Situation: A company has two businesses in different locations serving different sets of customers in two separate markets. The CEO is evaluating whether it makes more sense to have one umbrella web site with pages for each of the two businesses, or to create two complete web sites with different URLs. How many web sites should a small business have, and why?
Advice from the CEOs:
- The first question is whether you call both businesses the same or different names. Many small companies have separate businesses at different sites, and just differentiate the businesses through division names. Moreover, because you use the same company name for both businesses, you want to make it easy for customers to find your web sites. This argues for at least a single splash page, listed under your current company URL.
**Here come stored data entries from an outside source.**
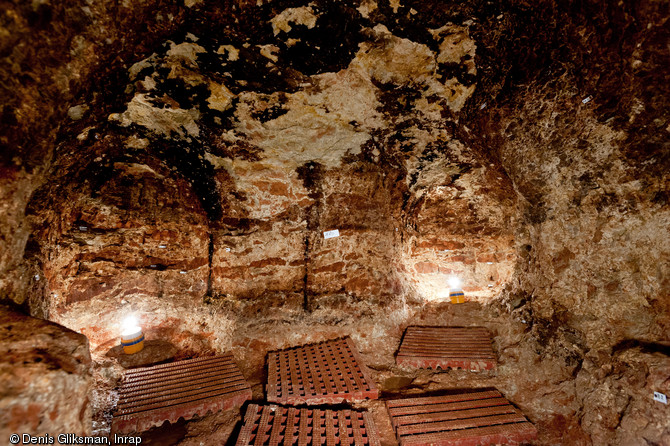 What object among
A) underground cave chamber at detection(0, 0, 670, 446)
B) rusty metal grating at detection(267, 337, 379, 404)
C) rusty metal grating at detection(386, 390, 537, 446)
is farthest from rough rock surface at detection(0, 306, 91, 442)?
rusty metal grating at detection(386, 390, 537, 446)

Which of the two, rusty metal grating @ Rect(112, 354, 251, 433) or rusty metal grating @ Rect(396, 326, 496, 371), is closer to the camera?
rusty metal grating @ Rect(112, 354, 251, 433)

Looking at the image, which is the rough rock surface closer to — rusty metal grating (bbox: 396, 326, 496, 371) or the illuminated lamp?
the illuminated lamp

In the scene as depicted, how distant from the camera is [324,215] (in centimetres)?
383

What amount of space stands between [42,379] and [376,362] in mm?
2821

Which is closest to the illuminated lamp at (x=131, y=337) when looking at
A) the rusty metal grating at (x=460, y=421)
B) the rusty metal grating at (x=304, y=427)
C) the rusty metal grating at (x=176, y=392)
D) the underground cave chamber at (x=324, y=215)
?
the underground cave chamber at (x=324, y=215)

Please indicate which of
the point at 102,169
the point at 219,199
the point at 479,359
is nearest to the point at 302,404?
the point at 479,359

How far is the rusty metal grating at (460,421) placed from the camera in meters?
1.97

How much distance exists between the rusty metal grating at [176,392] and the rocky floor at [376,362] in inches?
3.7

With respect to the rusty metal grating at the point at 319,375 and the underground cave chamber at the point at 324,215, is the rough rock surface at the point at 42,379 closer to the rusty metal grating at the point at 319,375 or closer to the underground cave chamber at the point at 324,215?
the underground cave chamber at the point at 324,215

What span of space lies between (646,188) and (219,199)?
411 cm

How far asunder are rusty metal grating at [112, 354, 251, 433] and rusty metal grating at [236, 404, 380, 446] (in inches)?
12.7

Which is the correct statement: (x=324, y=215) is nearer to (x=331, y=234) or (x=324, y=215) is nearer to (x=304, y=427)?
Result: (x=331, y=234)

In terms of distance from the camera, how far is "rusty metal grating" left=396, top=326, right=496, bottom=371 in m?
2.86

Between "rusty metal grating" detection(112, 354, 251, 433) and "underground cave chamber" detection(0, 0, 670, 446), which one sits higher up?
"underground cave chamber" detection(0, 0, 670, 446) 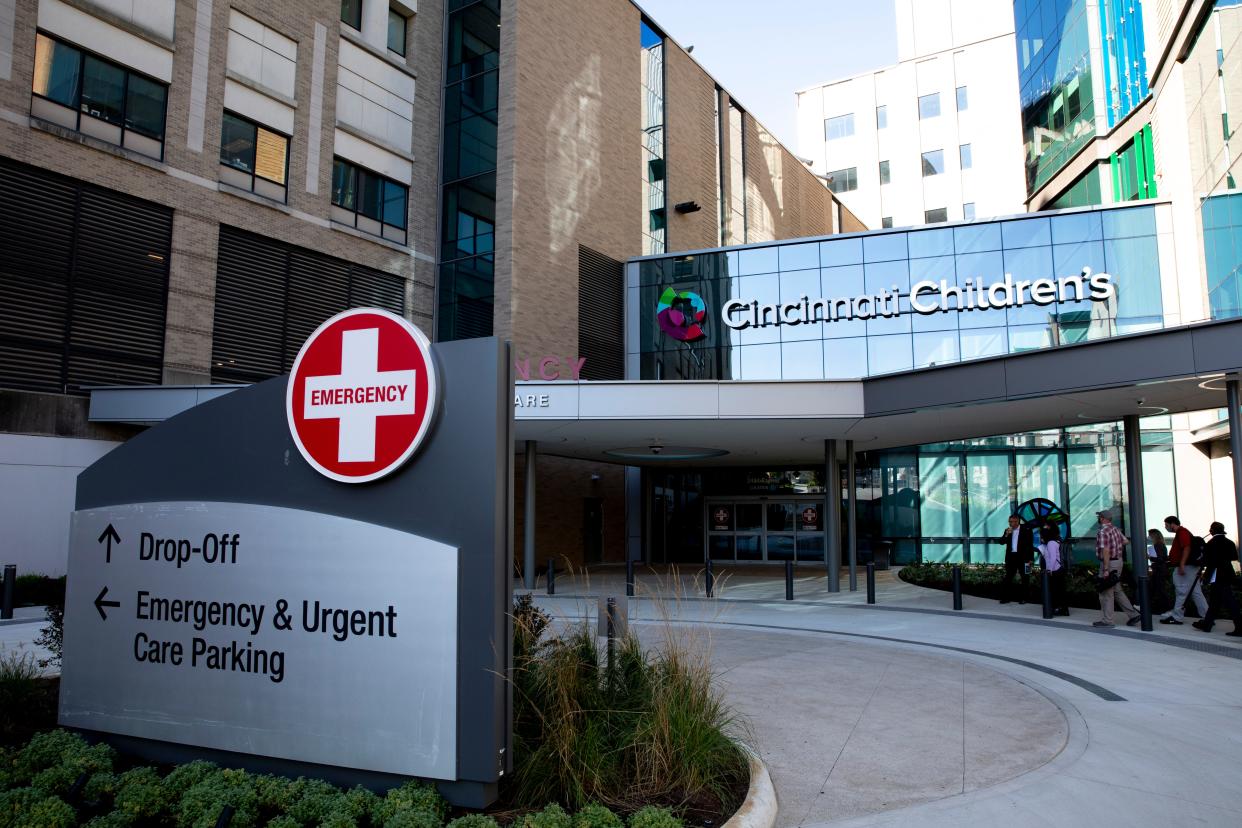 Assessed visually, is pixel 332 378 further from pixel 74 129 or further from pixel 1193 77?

- There are many corporations with diverse, unrelated businesses. Generally, these corporations don’t have any problem having a general web site, with separate links to the individual division web sites where customers and partners can drill down to detail specific to each division. The advantage to this strategy is that by having one corporate site, the larger entity strengthens its own market presence.
- Given that the advice of the group is to have a single splash page how do you construct it?
- You want to prominently feature your company name on the splash page, but not to include much detail. Maybe just an overall positioning message that expresses your core values or a distinctive visual that shows what you do.
- On the splash page, create two links with distinctive pictures and names that enable your customer to easily go to the side of your business that interests them.